Brief descriptive captions >>
========

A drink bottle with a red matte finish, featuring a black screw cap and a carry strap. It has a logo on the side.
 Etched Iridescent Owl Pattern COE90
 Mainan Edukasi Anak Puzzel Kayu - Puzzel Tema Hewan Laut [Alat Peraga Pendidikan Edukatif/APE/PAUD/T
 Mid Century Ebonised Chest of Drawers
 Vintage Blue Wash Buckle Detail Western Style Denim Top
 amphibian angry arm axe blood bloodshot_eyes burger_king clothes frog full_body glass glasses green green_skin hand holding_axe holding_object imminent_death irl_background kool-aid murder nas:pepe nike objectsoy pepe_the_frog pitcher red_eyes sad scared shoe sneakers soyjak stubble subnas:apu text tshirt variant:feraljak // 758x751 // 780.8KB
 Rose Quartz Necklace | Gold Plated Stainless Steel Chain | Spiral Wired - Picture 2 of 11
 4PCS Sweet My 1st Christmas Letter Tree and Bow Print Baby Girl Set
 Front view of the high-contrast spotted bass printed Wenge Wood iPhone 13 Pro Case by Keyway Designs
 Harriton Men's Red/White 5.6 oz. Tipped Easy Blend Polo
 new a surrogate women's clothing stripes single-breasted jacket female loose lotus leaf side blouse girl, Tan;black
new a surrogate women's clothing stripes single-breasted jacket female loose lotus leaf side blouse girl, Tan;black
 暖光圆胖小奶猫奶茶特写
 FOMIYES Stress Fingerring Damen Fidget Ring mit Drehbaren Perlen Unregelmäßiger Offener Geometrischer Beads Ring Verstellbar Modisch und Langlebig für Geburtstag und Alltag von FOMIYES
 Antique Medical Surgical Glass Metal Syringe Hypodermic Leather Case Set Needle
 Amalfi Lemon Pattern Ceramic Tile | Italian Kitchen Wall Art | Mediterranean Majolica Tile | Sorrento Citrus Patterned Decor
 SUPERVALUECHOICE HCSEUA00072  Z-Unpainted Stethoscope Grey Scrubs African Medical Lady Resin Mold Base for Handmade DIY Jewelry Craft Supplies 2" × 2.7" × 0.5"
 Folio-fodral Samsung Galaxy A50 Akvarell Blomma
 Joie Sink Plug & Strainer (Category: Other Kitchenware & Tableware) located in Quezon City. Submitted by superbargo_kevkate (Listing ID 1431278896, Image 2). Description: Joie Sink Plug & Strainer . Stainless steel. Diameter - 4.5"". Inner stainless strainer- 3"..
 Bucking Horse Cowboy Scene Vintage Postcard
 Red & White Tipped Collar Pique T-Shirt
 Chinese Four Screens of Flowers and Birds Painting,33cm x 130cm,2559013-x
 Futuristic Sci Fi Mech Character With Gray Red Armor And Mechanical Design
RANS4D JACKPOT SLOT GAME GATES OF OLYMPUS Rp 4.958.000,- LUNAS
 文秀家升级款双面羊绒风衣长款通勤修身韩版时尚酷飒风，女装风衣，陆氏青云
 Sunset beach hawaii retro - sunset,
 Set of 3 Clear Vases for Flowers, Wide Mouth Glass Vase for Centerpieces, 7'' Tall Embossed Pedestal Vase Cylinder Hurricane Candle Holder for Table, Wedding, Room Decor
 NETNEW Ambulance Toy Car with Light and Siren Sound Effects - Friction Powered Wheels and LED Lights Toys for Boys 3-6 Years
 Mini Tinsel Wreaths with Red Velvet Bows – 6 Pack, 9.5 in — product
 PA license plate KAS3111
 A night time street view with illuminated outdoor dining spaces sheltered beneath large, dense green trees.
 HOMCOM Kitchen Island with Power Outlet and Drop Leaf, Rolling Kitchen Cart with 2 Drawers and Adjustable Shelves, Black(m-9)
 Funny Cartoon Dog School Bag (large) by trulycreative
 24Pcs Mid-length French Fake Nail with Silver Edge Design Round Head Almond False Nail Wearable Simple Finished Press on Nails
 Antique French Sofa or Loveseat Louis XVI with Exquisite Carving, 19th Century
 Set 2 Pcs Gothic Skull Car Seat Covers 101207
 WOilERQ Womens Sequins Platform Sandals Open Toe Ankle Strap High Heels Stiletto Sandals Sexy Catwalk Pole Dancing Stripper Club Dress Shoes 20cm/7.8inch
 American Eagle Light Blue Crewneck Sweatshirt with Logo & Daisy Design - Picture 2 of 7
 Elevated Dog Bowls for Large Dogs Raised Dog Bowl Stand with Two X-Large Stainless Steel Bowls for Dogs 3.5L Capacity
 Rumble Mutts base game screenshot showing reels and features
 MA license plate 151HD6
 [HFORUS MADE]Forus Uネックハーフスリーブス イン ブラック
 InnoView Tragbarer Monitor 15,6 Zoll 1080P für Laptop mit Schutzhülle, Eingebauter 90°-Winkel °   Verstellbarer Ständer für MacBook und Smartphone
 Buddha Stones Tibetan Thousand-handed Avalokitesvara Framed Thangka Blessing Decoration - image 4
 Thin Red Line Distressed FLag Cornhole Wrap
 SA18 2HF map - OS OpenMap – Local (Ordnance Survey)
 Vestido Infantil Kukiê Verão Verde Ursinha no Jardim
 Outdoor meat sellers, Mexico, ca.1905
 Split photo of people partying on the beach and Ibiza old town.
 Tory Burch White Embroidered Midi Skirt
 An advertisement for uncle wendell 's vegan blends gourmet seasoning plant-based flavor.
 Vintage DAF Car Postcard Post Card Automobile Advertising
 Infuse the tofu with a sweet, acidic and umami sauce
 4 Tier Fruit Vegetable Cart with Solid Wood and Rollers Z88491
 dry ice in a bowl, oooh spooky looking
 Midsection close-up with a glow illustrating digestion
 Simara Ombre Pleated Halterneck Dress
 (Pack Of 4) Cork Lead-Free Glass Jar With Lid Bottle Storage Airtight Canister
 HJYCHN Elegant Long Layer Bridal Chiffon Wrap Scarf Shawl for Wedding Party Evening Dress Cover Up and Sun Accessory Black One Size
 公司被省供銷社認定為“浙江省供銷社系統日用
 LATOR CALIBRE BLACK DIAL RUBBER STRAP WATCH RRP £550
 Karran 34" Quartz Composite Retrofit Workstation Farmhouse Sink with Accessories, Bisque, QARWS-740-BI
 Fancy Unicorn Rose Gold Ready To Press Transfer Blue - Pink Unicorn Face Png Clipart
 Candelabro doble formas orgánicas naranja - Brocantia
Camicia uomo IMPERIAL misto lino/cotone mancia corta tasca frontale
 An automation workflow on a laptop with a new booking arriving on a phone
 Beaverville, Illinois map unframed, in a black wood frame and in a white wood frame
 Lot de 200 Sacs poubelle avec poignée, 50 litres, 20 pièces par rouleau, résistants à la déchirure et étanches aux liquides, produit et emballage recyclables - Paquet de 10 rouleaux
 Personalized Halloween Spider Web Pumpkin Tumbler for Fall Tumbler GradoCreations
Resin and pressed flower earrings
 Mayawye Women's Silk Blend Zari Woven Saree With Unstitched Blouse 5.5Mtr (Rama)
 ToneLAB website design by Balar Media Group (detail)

========

Work item >> Line count for "beach": say how many lines of the entries above include that word, and give only the number.

Answer to this problem >> 2